- **Directions for this task**:
Please print, exactly as written, the line containing "To My Beautiful" and each line after it through the end of the material; pictures stay out.

- **Data below**:
# # # # # # #
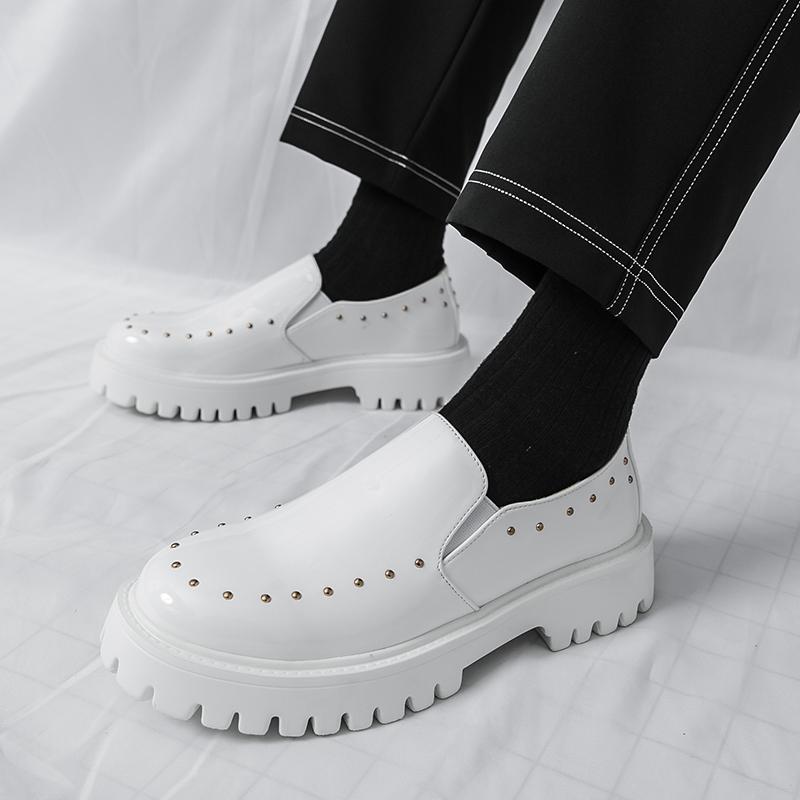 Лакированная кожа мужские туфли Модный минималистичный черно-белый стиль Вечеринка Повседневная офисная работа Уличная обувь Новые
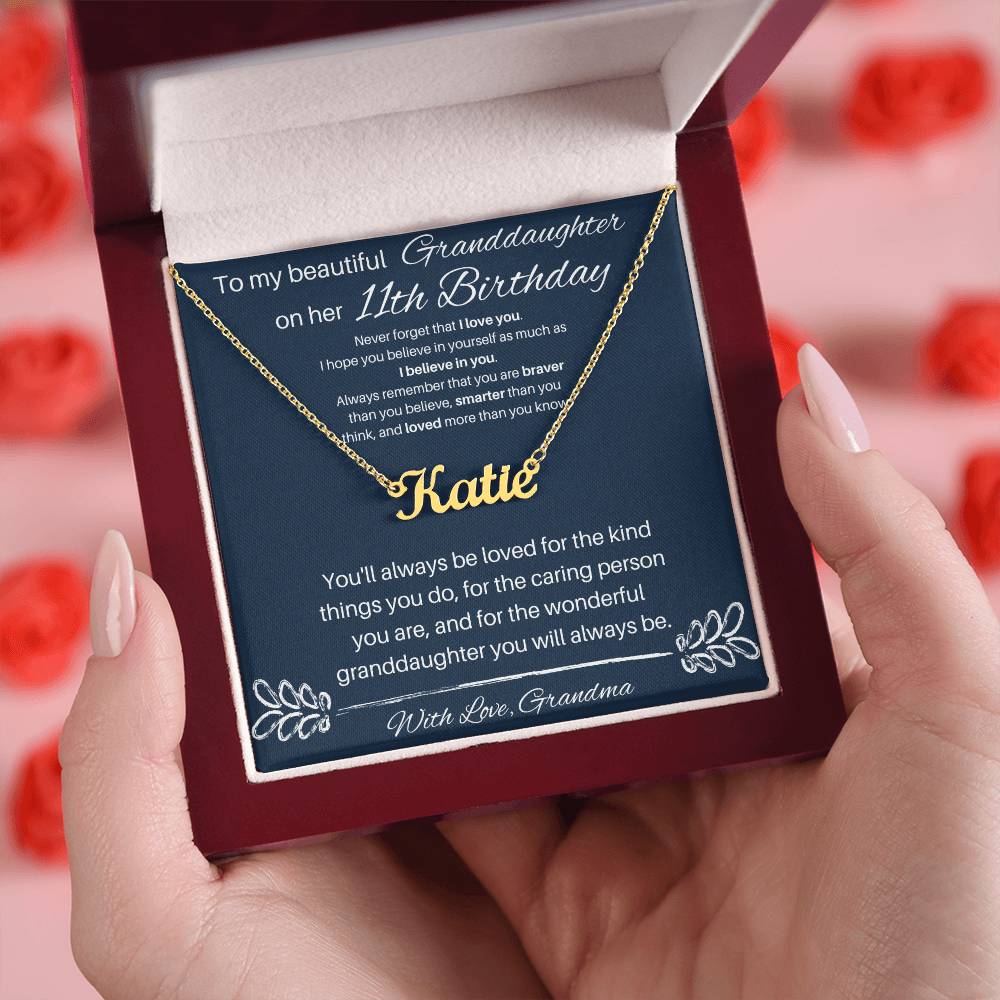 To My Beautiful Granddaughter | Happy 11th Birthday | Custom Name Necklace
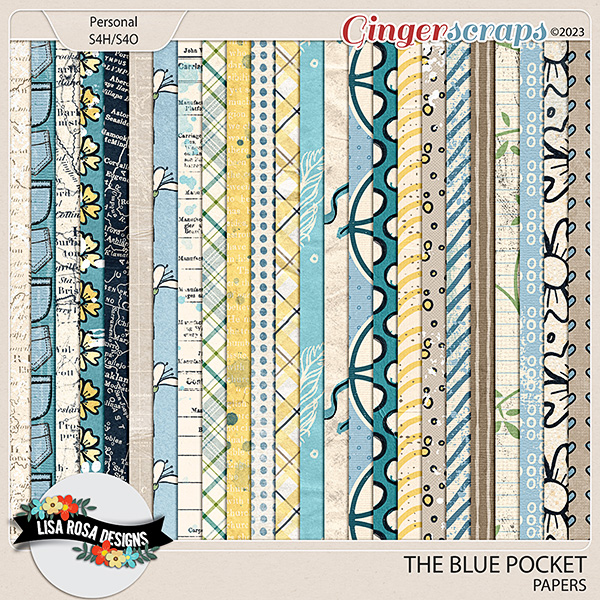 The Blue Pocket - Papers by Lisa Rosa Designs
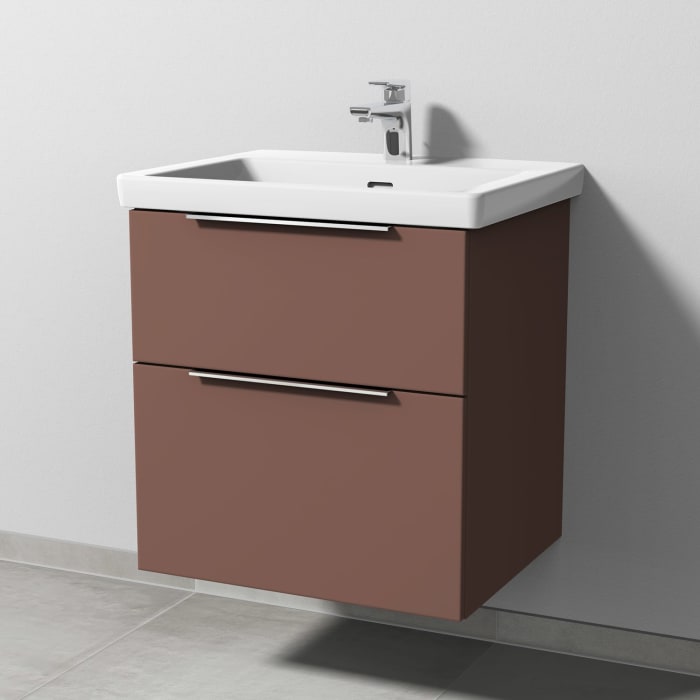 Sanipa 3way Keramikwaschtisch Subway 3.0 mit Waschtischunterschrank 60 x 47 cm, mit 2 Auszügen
# # # # # # #
- **Your response**:
 To My Beautiful Granddaughter | Happy 11th Birthday | Custom Name Necklace
 The Blue Pocket - Papers by Lisa Rosa Designs
 Sanipa 3way Keramikwaschtisch Subway 3.0 mit Waschtischunterschrank 60 x 47 cm, mit 2 Auszügen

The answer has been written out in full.